An element addition strategy for thermally actuated compliant mechanism topology optimization

Purpose - The purpose of this paper is to describe an element addition strategy for topology optimization of thermally actuated compliant mechanisms under uniform temperature fields. Design/methodology/approach - The proposed procedure is based on the evolutionary structural optimization (ESO) method. In previous works, this group of authors has successfully applied the ESO method for compliant mechanism optimization under directly applied input loads. The present paper progresses on this work line developing an extension of this procedure, based on an additive version of the method, to approach the more complicated case of thermal actuators. Findings - The adopted method has been tested in several numerical applications and benchmark examples to illustrate and validate the approach, and designs obtained with this method are compared favorably with the analytical solutions and results derived by other authors using different optimization methods, showing the viability of this technique for uniformly heated actuators optimization.
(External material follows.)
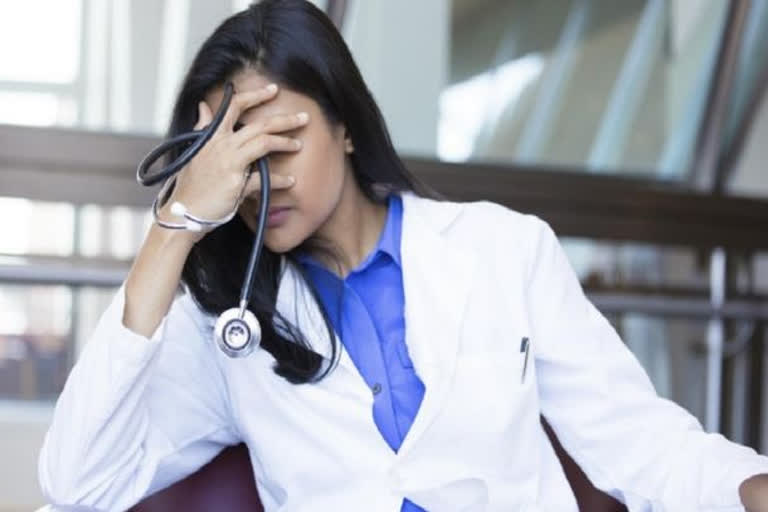 করোনাকালে সেবা দেওয়া ২৮ শতাংশ চিকিৎসক অবসাদে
Research limitations/implications - As a simple initial approach, this research considers only uniform heating of the system, while many thermal actuators are heated nonuniformly. Future works will be based on electrothermal actuation, and nonuniform Joule heating will be considered as well, which might lead to more elegant and efficient solutions. Practical implications - Compliant micromechanisms that are responsible for movement play a crucial role in microelectromechanical systems (MEMS) design, which cannot be manufactured using typical assembly processes and may not make use of traditional hinges or bearings. The topology optimization method described in this paper enables the systematic design of these devices, which can result in reduced conception time and manufacturing cost. Originality/value - The ESO method has been successfully applied to several optimum material distribution problems, but not for thermal compliant mechanisms. Even if most applications of this method have been oriented for maximum stiffness structure design, this paper shows that this computation method may be also useful in the design of thermal compliant mechanisms and provides engineers with a very simple and practical alternative design tool.